Requirement. Retype exactly the lines from the one containing "Cover: Development as" through the last line of the records below, including both, and leave out any pictures.

Stored items.
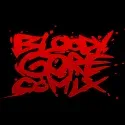 Logo of Bloody Gore Comix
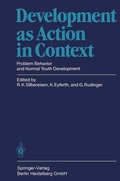 Cover: Development as Action in Context - Springer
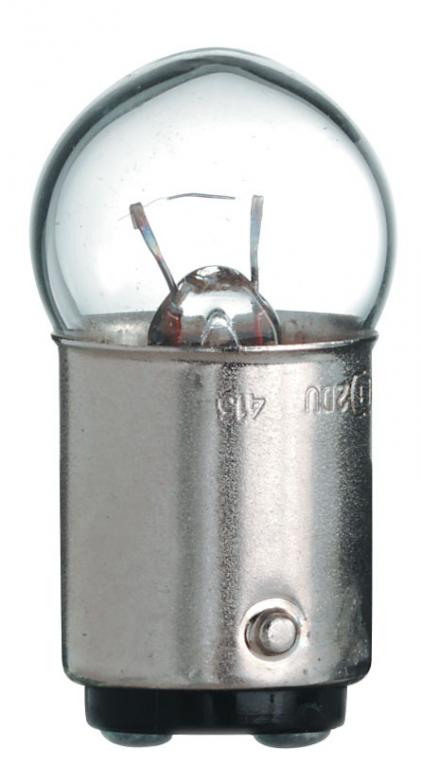 LAMPADA 24V 5W SFERA BA15s 24V 5W - Confezione da 10 PZ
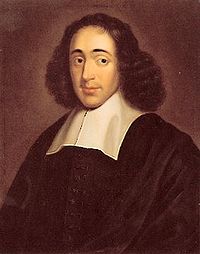Baruch Spinoza (from www.wikipedia.com)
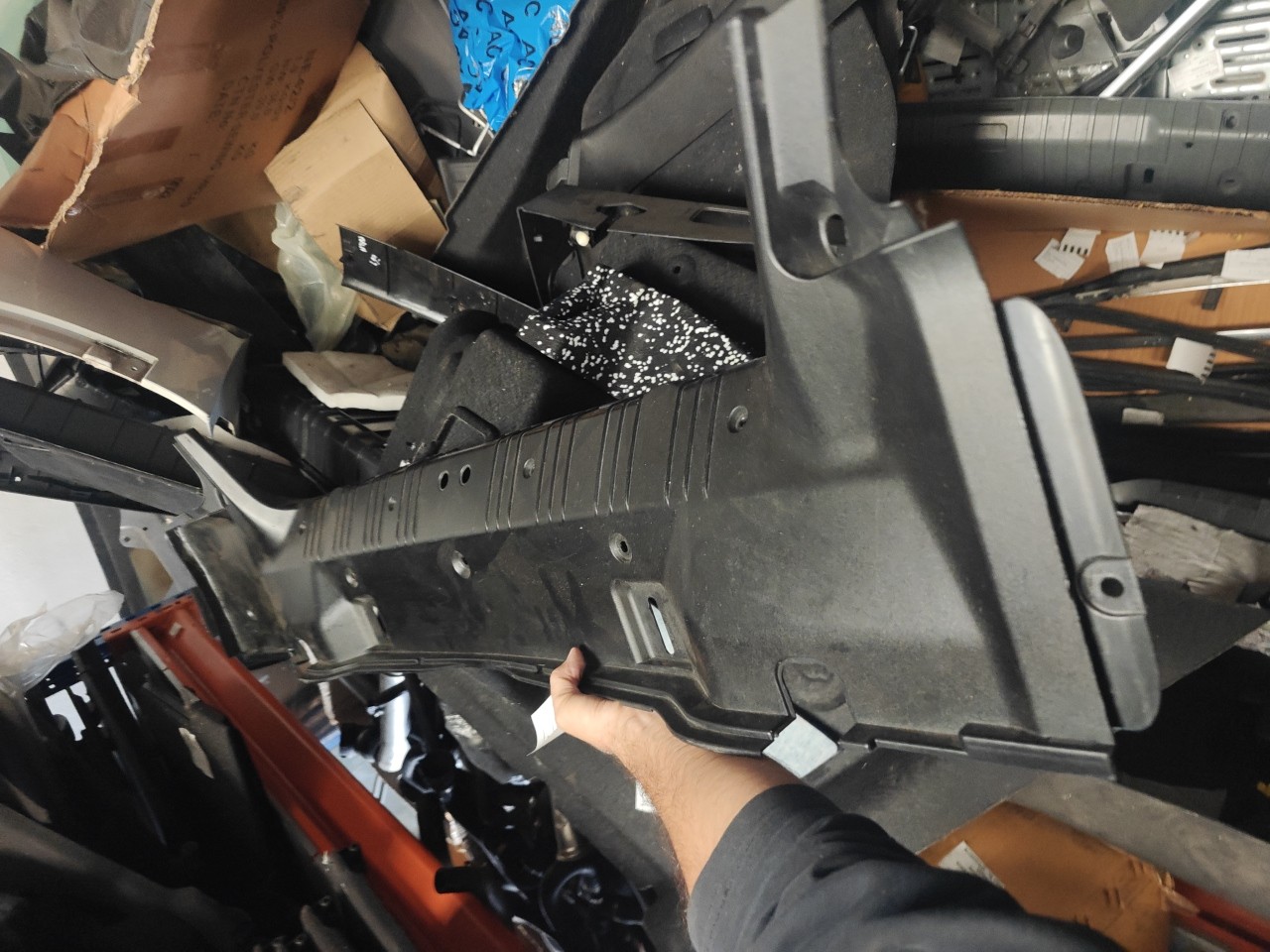 Plastico / Acabamento da Mala BMW 3 Coupé (E46) | 98 - 06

Response to the task.
 Cover: Development as Action in Context - Springer
 LAMPADA 24V 5W SFERA BA15s 24V 5W - Confezione da 10 PZ
Baruch Spinoza (from www.wikipedia.com)
 Plastico / Acabamento da Mala BMW 3 Coupé (E46) | 98 - 06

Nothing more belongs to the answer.